Saab (Chalet A278, Static D146) head of aeronautics Lennart Sindahl outlined that an iterative approach would be adopted to develop optional manned capability. This would begin with basic altitude hold and waypoint navigation before increasing in complexity to the point where an unmanned Gripen could operate tactically with reference to a manned lead aircraft, or even undertake complex beyond visual range maneuvers. As with the planned carrier-capable Sea Gripen, further development of an OMG would require a customer to come on board to support the design and development effort.
New Eurofighter MD
The new managing director of Eurofighter said here yesterday that that the company must become leaner, more flexible and take decisions faster. CEO Alberto Gutierrez arrived 10 days ago from Spain and Airbus Military, where he was head of operations.

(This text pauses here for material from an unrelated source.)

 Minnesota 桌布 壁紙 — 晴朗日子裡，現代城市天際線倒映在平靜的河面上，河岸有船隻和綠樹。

This week’s news from the partner countries concerns the Meteor Bvraam. On May 31, Germany became the last of the four to sign a production contract with MBDA, and Eurofighter signed a Meteor integration contract with the NATO Eurofighter and Tornado Management Agency (Netma) here at the Paris show. The partner air forces will go operational with the top-of-the-range air-air missile in 2016-17, according to Gutierrez.
The new boss said that Eurofighter (Chalet A262, Static D126) hopes to capture 25 percent of nearly 1,000 combat aircraft that are projected to be bought in the next decade. The current sales campaigns are in Korea (40 to 60 aircraft, best and final offers submitted), Kuwait, Qatar, and Malaysia.
JSF “Much Improved”
U.S. government procurement officials issued a “much improved” report on the state of the Lockheed Martin F-35 Lightning II stealth fighter program last week. The Pentagon’s Under Secretary for Acquisition, Technology and Logistics Frank Kendell said he was cautiously optimistic about increasing the production rate, although the flight test program was still only 40 percent complete. The focus is now on sustainment, Kendall said. “We’re attacking the life cycle costs and looking hard at bringing in competition,” he added.

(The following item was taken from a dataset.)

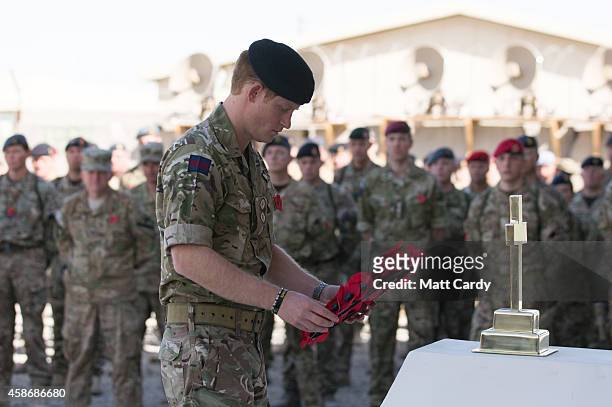 Prince Harry lays a poppy wreath as he joins British troops and service personal remaining in Afghanistan and International Security Assistance Force...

In yesterday’s F-35 briefing here, Lockheed Martin v-p of program integration Steve O’Bryan said that the test program is now on schedule, following the revisions three years ago to what he admitted was previously “an over-optimistic plan.” The Block 2B software that provides initial warfighting capability was now in flight test. The first-life structural tests had been successfully completed. “We’ve done 4,500 flights and 8,000 hours, and 50 percent of these have been in the last 12 months,” he added. Further, “we’re on path to achieve an $85 million unit recurring flyaway price for the F-35A by 2020,” he reported.

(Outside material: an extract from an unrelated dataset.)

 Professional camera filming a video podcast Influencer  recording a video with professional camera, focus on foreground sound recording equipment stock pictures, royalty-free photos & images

Here in Paris, Lockheed Martin signed a contract with AIM Norway for horizontal and vertical tails and inked an MoU with CAE for F-35 future training solutions. Level 1 partner BAE Systems signed a deal with Magellan Aerospace for horizontal tails and with Terma for carbon fiber tailskins. Two further signings with Dutch industry were pending as AIN’s last Paris Air Show News 2013 edition went to press.